3) I’m not the bad cop. Not really a rule, but we explained that we weren’t the bad guys here.  What we are intending to do is to help her get out of debt, an opportunity to start fresh – we would prefer that she takes it and not resent us for being the “heavy” in this situation.  I’m sure at some point she will, but we thought we would discuss it prior to it happening.

So far (it’s been a week) the arrangement has been agreed to, I’m not sure how it will go over the next year or so she will be staying with us, I guess we’ll have to see.  My wife and I understand that someone who has lived with very little financial structure or discipline this will be a big change, but we hope she makes the most of the opportunity.

Have you helped a family member out before?  How did it work out?

12 thoughts on “Being the Bad Cop”

  1. Yikes. I wish you well. I haven’t personally taken on such an onerous task but have watched others do it. It really could go either way, depending on your sis’ willingness to change. I had a sibling who still exists as a spendthrift despite my father’s clear, consistent financial guidance through our lives. The message stuck with me but my sibling saw unfairness, lack of support, blah, blah.
    Is there an objective party (banker, lawyer) who can also advise? Since you haven’t connected in years perhaps your role is better suited to big, loving brother instead as finance cop.

  2. I tend to agree with M. It could really be life changing for her – but it could also scuttle your new-forming relationship. She’s lucky to have you to help her for sure. But if she’s not personally ready to make the financial shift on her own terms, I suspect she’ll grow resentful and annoyed. It’s one thing to struggle with a plan you made for yourself and really believe in – it’s another to struggle against someone you see as controlling you or forcing you to do something (even if it’s for your own good).
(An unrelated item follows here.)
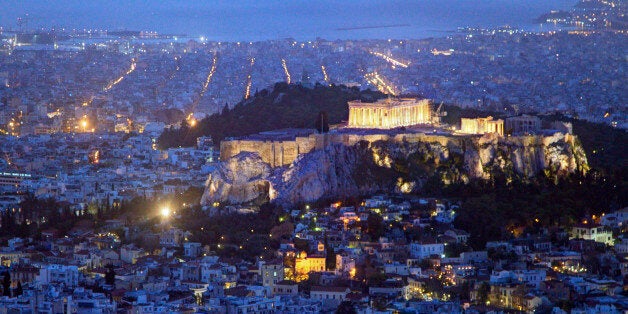 Looking out over Athens at dusk. The Aegean Sea in the background, the birthplace of modern civilization nestles in a valley of low hills with a couple of startling rocky outcrops on the valley floor. Here democracy was born, modern philosophies and formal education came to be and the mighty Persian empire was thwarted. From this valley the Western World grew.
    If your sister wants to do this for her own reasons, you won’t ever need to be the heavy – when she slips up you can be supportive and share your wisdom and boost her back on track. But if you find yourself policing her or fighting about money, then that probably means she’s doing it to comply with your demands and that has obvious repercussions for your relationship.

  3. Dave, first I think you’re being a great big brother – it’s like an episode of Intervention! 🙂 My oldest sister pushed me a bit years ago in my teens and I’m grateful to her for it.

    Second, if I were her, I’d figure out pretty darn quick that the way to get myself out of the situation faster or to actually have more spending money that you couldn’t dictate would be to pick up a second job.

    I wouldn’t discount her ability to make massive changes in her approach to finances since she’s at the age where the brain has developed to understand long term consequences of behavior. It wasn’t until the last 6 months or so that I saw the same thing happen in my 23 yo son. Right now, he’s living off of his $800/month income from his 20 hour a week job and banking his whole (much higher) full-time job income. In the beginning he was giving the money to me as his bank so that he wouldn’t touch it but he’s graduated to having another bank account at a bank across town. None of this was my idea though, he figured it out on his own.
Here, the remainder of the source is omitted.